Quella che rappresenta è, di sicuro, una Firenze dei bassifondi, oscura e sconosciuta ai molti. Il film, in 6 episodi, incrociati tra loro solo in qualche piccolo dettaglio, è tratto dai racconti di Matteo Cecchi.
Con crudezza di immagini e dialoghi, le 6 storie raccontano in maniera soggettiva, spesso con voce fuoricampo, vite allo sbando: giovani figli di operai che preferiscono i soldi facili delle marchette, piuttosto che il lavoro in fabbrica; tossici devoti all’eroina; stupratori sadici e brutali; assassini folli e amicizie abbandonate alla morte solitaria.
Il film, progetto coraggioso ed interessante, risulta però complesso alla visione, soprattutto per il fiume costante d’alterchi e parolacce.
Il messaggio, seppur chiaro e ben decodificato da stereotipi idealizzati di criminali, è reso crudo e profondamente realistico, ma diventa, nell’eccesso della sua estremizzazione, ridondante, smisurato e grottesco.
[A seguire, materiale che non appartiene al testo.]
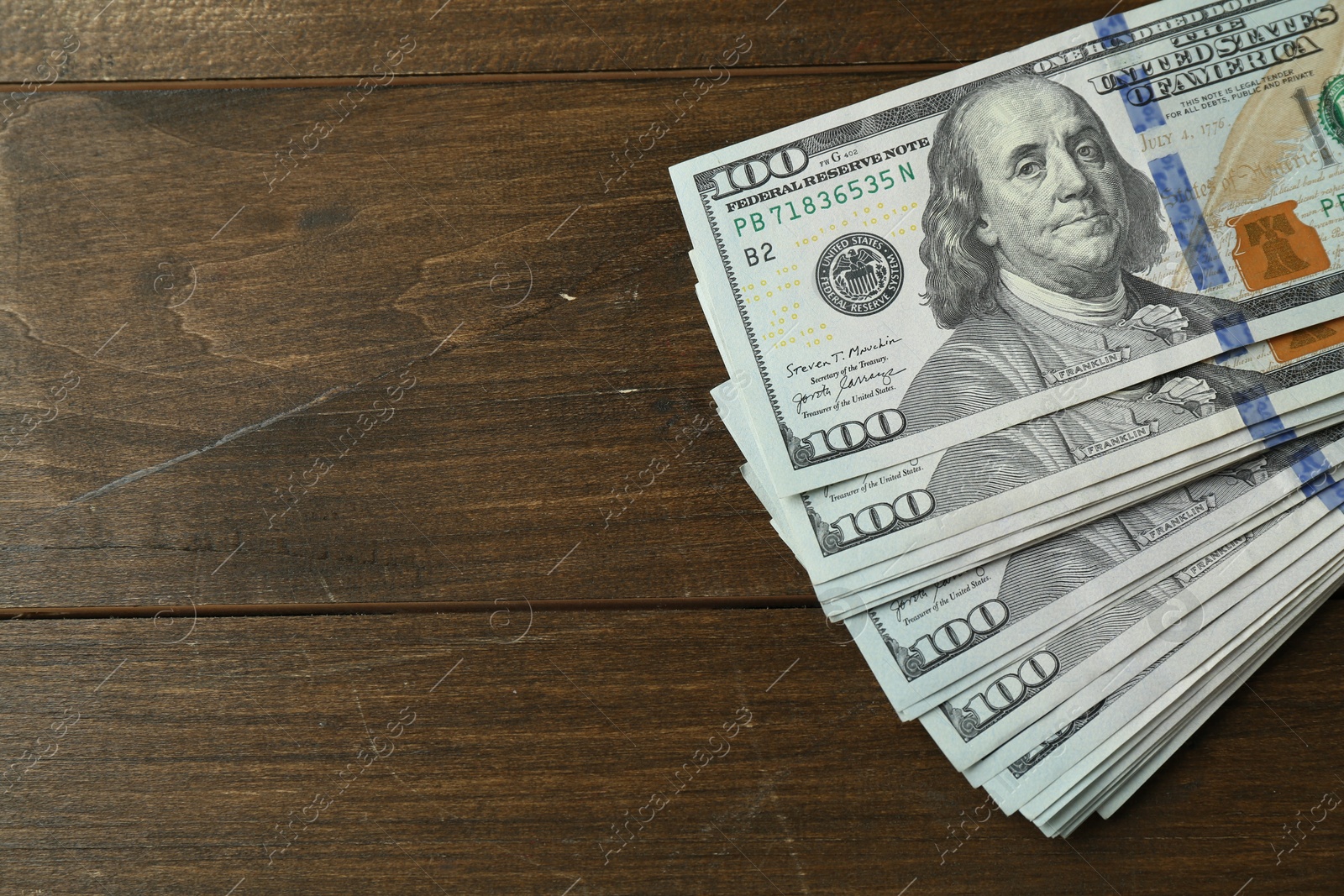 Photo of Many dollar banknotes on wooden table, top view. Space for text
Lo stile, variabile e asciutto, è ben calibrato in relazione ad ogni storia rappresentata.
In quest’ottica, “Tale Figlio” è, a mio avviso, l’episodio più bello, nella sua semplicità e assenza di sovrabbondanza, scevro di dialoghi coloriti, ma narrato, con essenzialità di luogo e tempo, da un figlio addolorato, accecato dal rancore contro un padre padrone.
Merito quindi ad un cinema di ricerca, fatto d’azzardo stilistico e profonda analisi umana; anche se, spesso, le immagini, soprattutto se forti e ben realizzate, non hanno necessità di violenza verbale eccessiva.